Letter to the Editor: What should we call “Willy Week”?
Editor’s Note: This is a letter to the editor that has been submitted by a member of the Rice community. The views expressed in this opinion are those of the author and do not necessarily represent or reflect the views of the Thresher or its editorial board. Letters to the editor are edited for grammar and spelling by Thresher editors.
To Whom It May Concern,
As the parade to Beer Bike 1992 devolved into a water balloon melee, I picked up a pink water balloon and flung it in the general direction of a group of Sidizens who had been pelting me and my fellow Wiessmen with them. As I did so, I felt my Rice ring slip from my finger. A moment later, in the distance, I heard the metallic ping as my ring fell to the pavement. “My ring! My ring came off!” I don’t know how I was heard over the din of laughter and yelling, but in a few moments, Rice students from three or four colleges paused their good-natured rivalry and helped me recover it, only a little worse for wear. I wore that slightly dented ring up until replacing it for my 25th reunion a few years ago. That incident, for me, represented one of the best things about Rice: the residential colleges pushed and teased each other like merciless siblings but set aside those distinctions when it mattered.

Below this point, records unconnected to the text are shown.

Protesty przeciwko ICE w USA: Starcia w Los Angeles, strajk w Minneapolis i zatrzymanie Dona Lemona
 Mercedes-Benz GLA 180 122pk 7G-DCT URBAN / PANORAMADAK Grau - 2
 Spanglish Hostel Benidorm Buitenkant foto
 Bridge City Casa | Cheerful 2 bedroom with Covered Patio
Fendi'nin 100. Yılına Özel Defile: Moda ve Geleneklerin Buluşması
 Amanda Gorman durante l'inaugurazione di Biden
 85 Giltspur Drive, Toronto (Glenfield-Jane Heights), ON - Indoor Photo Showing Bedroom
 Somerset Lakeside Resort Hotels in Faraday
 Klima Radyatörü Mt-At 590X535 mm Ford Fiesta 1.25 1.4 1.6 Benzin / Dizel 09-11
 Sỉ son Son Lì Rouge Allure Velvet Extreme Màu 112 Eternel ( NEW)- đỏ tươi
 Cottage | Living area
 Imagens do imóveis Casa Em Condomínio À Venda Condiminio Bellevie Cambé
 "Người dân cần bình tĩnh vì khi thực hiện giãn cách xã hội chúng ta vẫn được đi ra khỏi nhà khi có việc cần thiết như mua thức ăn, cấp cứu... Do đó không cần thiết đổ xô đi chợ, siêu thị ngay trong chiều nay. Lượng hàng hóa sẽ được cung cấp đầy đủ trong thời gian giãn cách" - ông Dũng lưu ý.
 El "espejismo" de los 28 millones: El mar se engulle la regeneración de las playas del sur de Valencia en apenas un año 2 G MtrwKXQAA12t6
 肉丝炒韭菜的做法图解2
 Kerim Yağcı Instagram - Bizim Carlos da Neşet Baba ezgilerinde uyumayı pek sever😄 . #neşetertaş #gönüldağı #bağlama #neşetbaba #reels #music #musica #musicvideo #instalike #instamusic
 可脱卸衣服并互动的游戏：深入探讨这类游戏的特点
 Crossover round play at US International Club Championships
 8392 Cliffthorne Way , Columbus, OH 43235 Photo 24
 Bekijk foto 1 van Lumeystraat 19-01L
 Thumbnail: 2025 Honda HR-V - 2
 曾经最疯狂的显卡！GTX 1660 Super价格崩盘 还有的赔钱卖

In 1957, the residential college system had just begun, and its popularity was hardly universal. The shift from organizing the campus structure by class years and centering it on the untried system faced a lot of opposition. One success from that inaugural year, though, has had long-lasting results: The bike race that would become Beer Bike started that year and established the benefits of competition between the residential colleges. It became something uniquely Rice, and rare is the Rice alum who does not have at least one Beer Bike shirt in the bottom of a drawer or decorating a quilt.
Now — almost thirty years after my ring flew off in a water balloon fight and over five decades since the first Beer Bike — the Rice community faces a different challenge: What do we call the week surrounding Beer Bike? More recent alums call it “Willy Week,” but that term only originated in 1997. As the university struggles with the legacy of its founder, the call to distance the week from WMR was the topic of a recent Thresher editorial. Indeed, some residential colleges have come up with their own names — though those names are understandably inadequate for a university-wide celebration. If any residential college had claim to naming the week after themselves, it would be Lovett College, since President Edgar Odell Lovett was the prime mover of the college system which he suggested in his inaugural address on Oct. 12, 1912. But Lovett, for all the good he did, was just a man, and we understand how time may reveal unpleasant truths about even the best men; naming the week after any person might create a similar dilemma down the line.
It seems, in this case, the simplest solution is the best: Since Beer Bike is and always has been linked to the residential college system, why not call the celebration College Week? Individual colleges can celebrate “Maggie Week” or “Sid Week” or whatever — but when we all come together, it should be College Week, celebrating the success of something uniquely Rice. It is that spirit of competition and camaraderie that I saw first-hand (if you’ll pardon the pun) in 1992, and it is something worth celebrating as Rice goes on.